I currently investigate peripheral anatomical plasticity of afferents after spinal cord injury. Following SCI, it is well established that primary afferents, especially nociceptors, undergo widespread, multi-segmental sprouting within the spinal cord. However, very little is known about nociceptor plasticity within peripheral muscles and fascia after SCI, a pathology seemingly conducive for sprouting. Using a novel virus that we have developed to label peripheral afferents, I plan to investigate changes in the morphology of primary afferents innervating muscles and fascia after SCI, and determine whether peripheral sprouting is a mechanism underlying sensitization and neuropathic pain.
KSCIRC has provided me with a unique research experience, as we are in close proximity to the well-known Frazier Rehabilitation Institute. As a result, I have had numerous opportunities to learn from physicians and clinical researchers, interact with patients, participate in rehabilitation sessions, and ultimately design translational experiments. Our lab has worked with physical therapists from the Frazier Rehabilitation Institute to implement physical therapy-based muscle stretching for rodents (yes, you read that correctly) following SCI and have found that muscle stretching is actually detrimental to functional recovery. As part of my dissertation, I plan to investigate whether muscle stretching after SCI exacerbates central and peripheral nociceptor sprouting, how this contributes to the stretching phenomenon, and the efficacy of pharmacological strategies in augmenting this plasticity.

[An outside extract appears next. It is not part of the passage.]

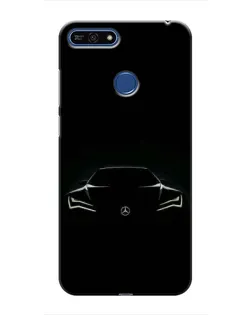 Чехол для Huawei Honor 7A Pro с картинкой «Mercedes — силуэт авто» Чехол для Huawei Honor 7A Pro с картинкой «Mercedes — силуэт авто»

Through my experiences in interacting with diverse groups of people and conducting translational research, I have realized how crucial effective scientific communication is, especially in the field of pain, where patients are seeking relief and support. Furthermore, I believe that COVID-19 has exposed the importance of accurately disseminating scientific findings to the public. Therefore, I am extremely humbled to have been selected as a Correspondent for the Pain Research Forum. The past year has been a valuable lesson in the absolute necessity for science to be communicated as effectively to the public as it is among researchers, and learning this skill in the field I am passionate about will be paramount for my future career as a scientist. I hope to provide thought-provoking topics that we can use to learn from each other, generate productive conversations, and become a closer community – all in the name of pain!
Stay tuned for more!
Morgan Sharp, PhD Student, University of Louisville, US.